How was this produced?  Well, the rapid expansion of fracking created a natural gas glut that drove actual gas prices to the lowest levels in decades.  The plastics industry then rode to the rescue of the gas frackers.  According to Plastics News: "Fracking represents a once -in -a generation opportunity for the plastics industry".   At the same time, a renewed push for plastics manufacturing provides the frackers with a polluting partner to absorb the ever increasing quantity of fracked gas (e.g. methane, much of which is already allowed to be burned off in situ, thanks to altered regulations by the Trumpites.)

It's no surprise then that Wall Street's greedy investors are lining up to build new factories that transform fracking byproducts into plastics. They see more profits pouring in - to pad their bottom lines- but are blind to the toxins pumped out to defile the environment and ruin public health.

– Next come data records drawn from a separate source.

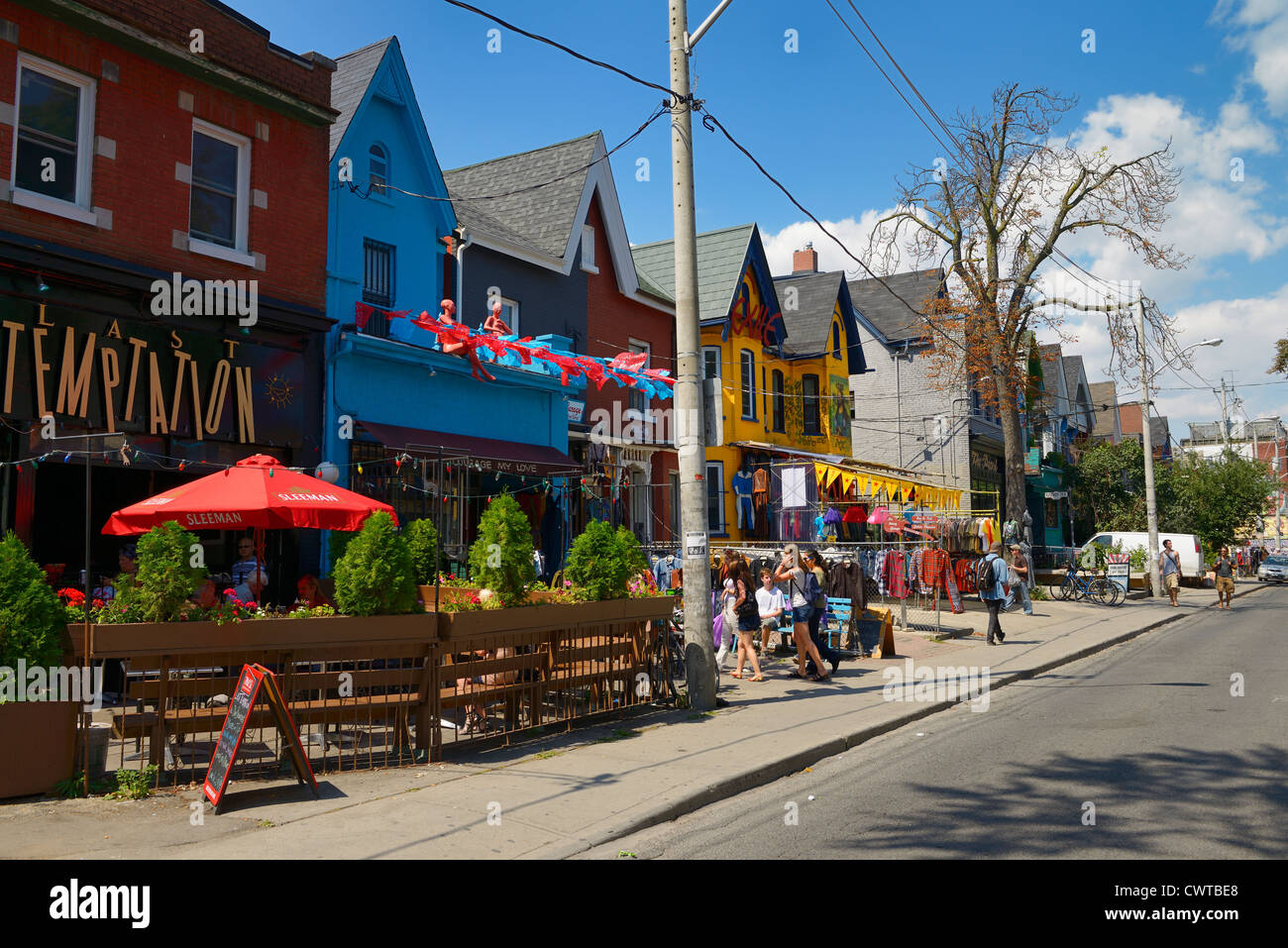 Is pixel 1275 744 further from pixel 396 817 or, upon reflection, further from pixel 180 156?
pixel 180 156

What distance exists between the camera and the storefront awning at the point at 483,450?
14781mm

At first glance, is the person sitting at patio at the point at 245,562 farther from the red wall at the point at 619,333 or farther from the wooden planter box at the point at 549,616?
the red wall at the point at 619,333

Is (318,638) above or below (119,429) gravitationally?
below

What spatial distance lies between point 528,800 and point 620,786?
79 cm

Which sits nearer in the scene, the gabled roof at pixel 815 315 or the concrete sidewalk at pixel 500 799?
the concrete sidewalk at pixel 500 799

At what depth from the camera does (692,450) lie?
1030 centimetres

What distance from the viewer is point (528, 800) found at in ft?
22.1

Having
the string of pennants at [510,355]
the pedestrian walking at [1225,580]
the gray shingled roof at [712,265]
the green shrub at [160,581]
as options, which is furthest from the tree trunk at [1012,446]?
the green shrub at [160,581]

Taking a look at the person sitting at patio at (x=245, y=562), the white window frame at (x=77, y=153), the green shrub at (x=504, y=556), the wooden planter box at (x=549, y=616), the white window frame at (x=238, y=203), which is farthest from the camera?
the white window frame at (x=238, y=203)

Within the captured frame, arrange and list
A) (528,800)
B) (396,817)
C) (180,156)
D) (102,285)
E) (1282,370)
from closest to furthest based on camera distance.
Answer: (396,817) → (528,800) → (102,285) → (180,156) → (1282,370)

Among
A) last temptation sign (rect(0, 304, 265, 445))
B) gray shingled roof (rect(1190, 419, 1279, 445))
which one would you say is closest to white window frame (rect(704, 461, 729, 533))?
last temptation sign (rect(0, 304, 265, 445))

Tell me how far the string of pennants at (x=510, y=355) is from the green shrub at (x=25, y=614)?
7.85 m

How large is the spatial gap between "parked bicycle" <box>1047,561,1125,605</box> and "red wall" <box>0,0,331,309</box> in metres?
23.5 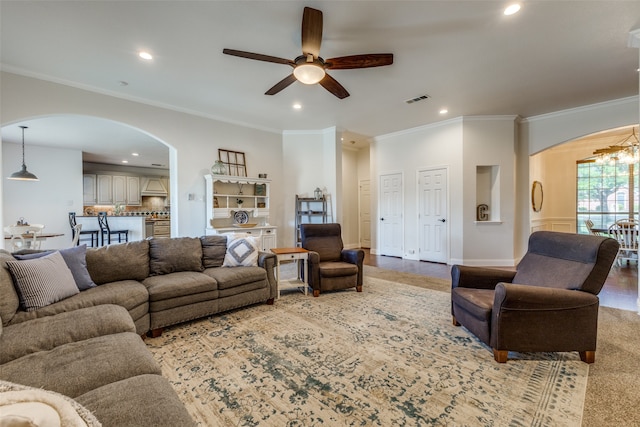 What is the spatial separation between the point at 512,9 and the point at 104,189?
1054 centimetres

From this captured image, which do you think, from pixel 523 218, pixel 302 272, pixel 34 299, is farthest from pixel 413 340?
pixel 523 218

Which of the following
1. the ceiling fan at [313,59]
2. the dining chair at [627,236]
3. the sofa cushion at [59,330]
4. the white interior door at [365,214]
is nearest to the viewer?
the sofa cushion at [59,330]

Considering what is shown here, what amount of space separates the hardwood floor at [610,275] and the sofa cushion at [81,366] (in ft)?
14.5

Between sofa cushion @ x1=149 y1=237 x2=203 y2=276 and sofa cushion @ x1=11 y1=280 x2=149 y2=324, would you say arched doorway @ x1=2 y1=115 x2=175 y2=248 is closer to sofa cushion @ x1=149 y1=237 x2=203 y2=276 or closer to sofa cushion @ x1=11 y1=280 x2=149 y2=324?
sofa cushion @ x1=149 y1=237 x2=203 y2=276

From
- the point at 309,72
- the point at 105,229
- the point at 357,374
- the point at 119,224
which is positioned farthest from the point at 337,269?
the point at 105,229

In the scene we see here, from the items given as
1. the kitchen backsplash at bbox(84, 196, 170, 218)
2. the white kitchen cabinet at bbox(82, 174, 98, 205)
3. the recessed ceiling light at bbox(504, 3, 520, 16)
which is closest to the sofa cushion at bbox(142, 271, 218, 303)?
the recessed ceiling light at bbox(504, 3, 520, 16)

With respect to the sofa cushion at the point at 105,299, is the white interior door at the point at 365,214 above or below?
above

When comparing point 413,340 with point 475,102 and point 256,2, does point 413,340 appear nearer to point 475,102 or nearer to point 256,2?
point 256,2

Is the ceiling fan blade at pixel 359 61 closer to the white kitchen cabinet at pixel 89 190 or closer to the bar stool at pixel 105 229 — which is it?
the bar stool at pixel 105 229

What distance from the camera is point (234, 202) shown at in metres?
5.54

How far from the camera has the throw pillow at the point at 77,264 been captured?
7.75 ft

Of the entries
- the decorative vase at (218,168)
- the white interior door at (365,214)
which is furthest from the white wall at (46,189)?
the white interior door at (365,214)

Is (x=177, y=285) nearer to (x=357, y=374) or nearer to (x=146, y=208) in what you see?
(x=357, y=374)

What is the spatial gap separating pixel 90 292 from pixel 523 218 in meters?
7.03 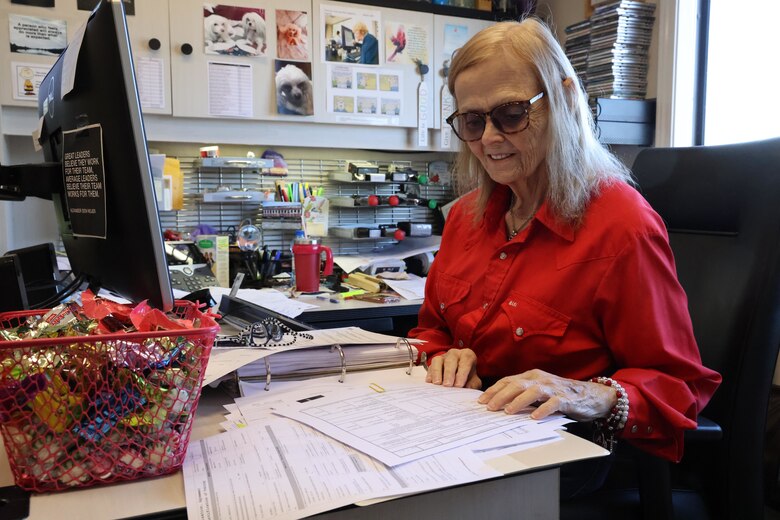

So now, not only is fracking polluting our air, soil and water, it's also directly affecting the oceans - which harbor the greatest oxygen source on the planet in the form of plankton.

Let's also process  - from the industry's own projections  -   that the global plastics industry is expected to increase production by 40 percent over the next decade.  This is driven by dropping prices for fracking byproducts as well as massively scaled -up production.   This is given that most of the  industry manufactures packaging materials that are immediately discarded.

For perspective, each human on average (globally) disposes of 110 pounds of plastic annually. Process that! It's the weight of a small frame woman.  Much of this ends up in the oceans where it strangles the resident sea life (like sea lions) or ends up accumulating in their stomachs causing them to die of starvation.

Since 1950, the  plastics industry - which had its major shout out in the 1967 film 'The Graduate' ("One word for you, Ben: Plastics!") -   has produced 18.3 trillion pounds of plastics, of which only about 9 percent has been recycled.   That translates into 16 trillion pounds tossed into landfills of which a significant proportion  (30 %) ends up in the oceans.

Less  well known:  Plastic products are inherently toxic and can become a vehicle for other pollutants. Many plastics contain hazardous chemicals and thousands of different additives, which can leach out as the plastic ages.  Such additives can comprise up to half of the object's  weight and be extremely toxic - including endocrine disrupters which affect hormone function.

Once created,  plastics can last for hundreds to thousands of years and the toxic remains of plastics pose serious challenges.   Meanwhile, the microplastics are ubiquitous, finding their way into the food we eat, soil and air we breath. Even indoor air can have high concentrations of microplastics from household products and synthetic textiles. 

We are basically awash in plastics, microplastics even as the fracking industry is making the situation much worse.

Let us also dispel (for the last time)  the cockeyed notion that natural gas is a "clean" fuel source. While it might be "clean" relative to the tar sands oil from the Keystone pipeline, it's not in any way clean standing on its own.  It is another fossil fuel - cheap but still dirty  -  and if you doubt it ask the homeowners who have frack wells near their homes in the Colorado suburbs.  See, for example, this item which greeted us in today's news paper:
Image may contain: possible text that says 'OIL AND GAS STUDY RAISES CONCERN state-funded study of emissions from oil and gas development found the chemicals, including benzene and pose risks to human health. While the study did not measure actual health effects for people who live close to oil and gas operations, it used modeling to predict how pol- lutants would move the air. Researchers found that people who lived far 2,000 feet away from a well pad could face health effects including headaches, dizziness and respiratory problems.'

The conclusion is self-evident: Rather than investing in fossil fuels and their ancillary chemical industry we need to invest more in renewable energy, including solar, geothermal, wind.